April 28, 2013 12:43 PM   Subscribe

Can you translate this Italian phrase into English? "Nun so' fesso ma faccio o' fesso perche' facendo o' fesso te faccio fesso."

I found this in an Italian restaurant, and our server said it was too complicated to translate. Google searches aren't turning up anything useful, and google translate is giving me "I know Nun 'fool but I do or' fool 'cause doing or' stupid do you fool." Here is a photo.
posted by ataxia to Writing & Language (9 answers total)
 
Best answer: "I am not dumb but I play dumb because by playing dumb I am going to trick you"
posted by pdxpatzer at 12:53 PM on April 28, 2013 [1 favorite]


Best answer: just like pdxpatzer's but preserving the pun as well as possible: "I am not a fool, but I play the fool, because by playing the fool, I will play YOU for a fool."
posted by KathrynT at 1:03 PM on April 28, 2013 [4 favorites]


Automatic translation isn't working on this because it's in some southern dialect.
posted by dhoe at 1:16 PM on April 28, 2013 [1 favorite]


Response by poster: Thanks so much everyone!
posted by ataxia at 1:22 PM on April 28, 2013


"make a fool out of you," I would say for the end.
posted by skbw at 2:36 PM on April 28, 2013 [1 favorite]


dhoe is right, it's a southern dialect. "Nun" is "non" in standard Italian; "so'" is "sono"; "o'" is the definite article "il".
posted by katemonster at 2:57 PM on April 28, 2013


Got to this late but just for general info this is very much like my mother's dialect, which is somewhat Neapolitan. Being made a fool of is a Huge Insult where she's from so it actually reads somewhat hostilely to me. Was it directed at the customers or the staff?
posted by camyram at 5:57 PM on April 28, 2013


Response by poster: That's very interesting camyram. It was on a shelf next to our table. We did get the feeling they might just not want to tell us what it meant.
posted by ataxia at 6:51 PM on April 28, 2013 [1 favorite]

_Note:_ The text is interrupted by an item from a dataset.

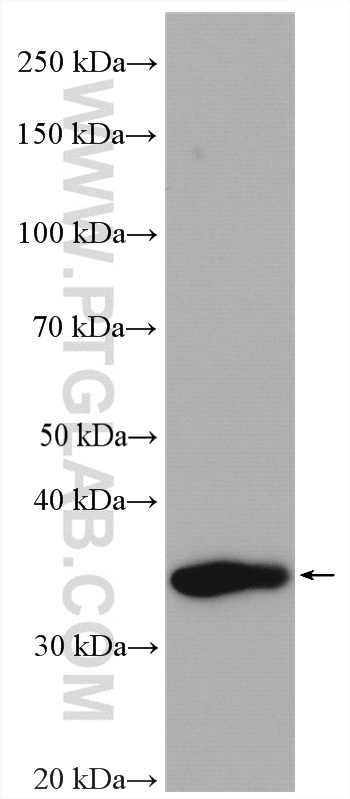 WB analysis of mouse kidney using 27846-1-AP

Best answer: I googled the standard Italian version "Io non sono fesso, ma faccio il fesso perche' facendo il fesso, ti faccio fesso", and seems to be attributed to Totò, a comic actor very popular even today, 40 years after his death. The figure on the right is likely meant to be him.

I don't think this is meant to be offensive, it's more establishing complicity. We're both not fools so let's not treat each other as such. Somewhat similar in spirit to funny bar signs ("Free beer yesterday", or variations on "no credit given").